The big idea: Climate change does not only reshape the environment -- it directly threatens human health and wellbeing.
Higher temperatures, extreme weather and shifting conditions create health hazards: heat illness, the spread of disease, dirty water, food and air problems, and the stress of being forced to move.
The harm is uneven -- the old, the very young, the sick and the poor suffer most.
Key terms
- Health hazard -- something in the environment that can cause illness, injury or death.
- Heat stress -- the body overheating; it can cause heatstroke, dehydration and heart strain.
- Vector-borne disease -- an illness spread by an animal carrier (a vector), such as malaria spread by mosquitoes.
- Climate migrant -- a person forced to move because climate change makes their home unlivable.
How heat turns into a health hazard
- Direct heat stress -- hotter days cause heatstroke, dehydration and extra strain on the heart, especially during heatwaves.
- Disease spreads further -- warmth lets mosquitoes and other vectors survive in new, cooler areas, spreading malaria and dengue.

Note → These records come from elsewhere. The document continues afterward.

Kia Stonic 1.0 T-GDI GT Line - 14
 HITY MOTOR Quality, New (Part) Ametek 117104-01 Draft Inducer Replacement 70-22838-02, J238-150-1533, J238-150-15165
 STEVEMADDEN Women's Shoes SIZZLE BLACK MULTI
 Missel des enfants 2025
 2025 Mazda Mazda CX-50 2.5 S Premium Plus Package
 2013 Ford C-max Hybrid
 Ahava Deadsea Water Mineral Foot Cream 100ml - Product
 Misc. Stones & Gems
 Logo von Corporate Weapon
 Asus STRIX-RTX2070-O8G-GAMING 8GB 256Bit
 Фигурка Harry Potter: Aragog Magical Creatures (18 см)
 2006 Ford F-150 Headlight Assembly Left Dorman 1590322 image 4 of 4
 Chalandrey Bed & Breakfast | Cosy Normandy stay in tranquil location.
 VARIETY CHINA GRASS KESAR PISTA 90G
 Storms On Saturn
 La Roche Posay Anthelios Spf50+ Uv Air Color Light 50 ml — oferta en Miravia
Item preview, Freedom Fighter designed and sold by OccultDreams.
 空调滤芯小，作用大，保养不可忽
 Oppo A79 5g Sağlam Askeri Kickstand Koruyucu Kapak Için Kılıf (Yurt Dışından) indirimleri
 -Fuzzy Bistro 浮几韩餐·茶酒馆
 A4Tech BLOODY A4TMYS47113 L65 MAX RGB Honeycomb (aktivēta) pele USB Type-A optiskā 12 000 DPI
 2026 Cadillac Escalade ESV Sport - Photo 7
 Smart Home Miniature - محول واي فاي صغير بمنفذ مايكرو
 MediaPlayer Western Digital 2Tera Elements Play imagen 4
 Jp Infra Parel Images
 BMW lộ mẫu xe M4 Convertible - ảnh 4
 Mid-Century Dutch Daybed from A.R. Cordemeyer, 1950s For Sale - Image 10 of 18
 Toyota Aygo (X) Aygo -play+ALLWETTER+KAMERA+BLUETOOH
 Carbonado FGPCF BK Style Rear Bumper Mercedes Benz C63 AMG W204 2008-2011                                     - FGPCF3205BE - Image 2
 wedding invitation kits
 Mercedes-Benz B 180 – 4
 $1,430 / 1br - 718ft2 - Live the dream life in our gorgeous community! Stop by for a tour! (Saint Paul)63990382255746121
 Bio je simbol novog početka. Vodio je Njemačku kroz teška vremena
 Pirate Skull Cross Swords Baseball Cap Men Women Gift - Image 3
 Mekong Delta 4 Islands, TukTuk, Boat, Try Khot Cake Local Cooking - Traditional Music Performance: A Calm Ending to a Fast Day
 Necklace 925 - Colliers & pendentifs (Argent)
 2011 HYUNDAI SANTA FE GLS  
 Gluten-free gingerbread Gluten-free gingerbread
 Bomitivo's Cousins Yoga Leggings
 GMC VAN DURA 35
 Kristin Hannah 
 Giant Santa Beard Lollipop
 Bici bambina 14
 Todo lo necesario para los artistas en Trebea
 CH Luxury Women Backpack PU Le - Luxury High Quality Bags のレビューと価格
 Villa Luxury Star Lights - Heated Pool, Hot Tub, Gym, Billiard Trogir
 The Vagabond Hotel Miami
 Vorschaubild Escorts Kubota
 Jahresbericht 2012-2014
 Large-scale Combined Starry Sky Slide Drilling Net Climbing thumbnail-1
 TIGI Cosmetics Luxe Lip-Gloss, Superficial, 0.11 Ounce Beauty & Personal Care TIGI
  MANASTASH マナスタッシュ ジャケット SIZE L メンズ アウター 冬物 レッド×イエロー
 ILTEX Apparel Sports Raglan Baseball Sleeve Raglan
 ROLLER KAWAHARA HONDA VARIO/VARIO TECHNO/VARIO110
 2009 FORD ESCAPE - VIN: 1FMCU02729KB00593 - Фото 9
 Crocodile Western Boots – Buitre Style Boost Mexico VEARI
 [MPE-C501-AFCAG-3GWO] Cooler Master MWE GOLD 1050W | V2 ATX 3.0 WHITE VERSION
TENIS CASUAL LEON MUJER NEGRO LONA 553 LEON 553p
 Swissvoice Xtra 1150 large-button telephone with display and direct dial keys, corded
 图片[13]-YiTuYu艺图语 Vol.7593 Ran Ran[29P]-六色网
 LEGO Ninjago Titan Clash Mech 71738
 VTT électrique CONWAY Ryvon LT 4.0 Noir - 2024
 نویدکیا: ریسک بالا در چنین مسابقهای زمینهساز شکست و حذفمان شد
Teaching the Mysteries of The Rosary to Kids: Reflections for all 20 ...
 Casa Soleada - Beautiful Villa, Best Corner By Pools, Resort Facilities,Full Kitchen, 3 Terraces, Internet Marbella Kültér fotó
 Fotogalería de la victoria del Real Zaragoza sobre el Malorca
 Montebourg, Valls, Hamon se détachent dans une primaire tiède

- Dirtier water and food -- heat speeds the growth of bacteria, so diarrhoeal disease and food poisoning rise.
- Worse air quality -- heat helps form ground-level ozone and smog, harming people with asthma and heart disease.
Explain two ways in which higher temperatures could increase health hazards for people.
Model answer plan
See the mark-by-mark plan — for / against / judgement, with marking guidance — in study mode.
Develop the link: Explain needs a chain, not a label: hotter air -> mosquitoes survive higher up -> malaria spreads to new people. A named hazard with no mechanism scores low.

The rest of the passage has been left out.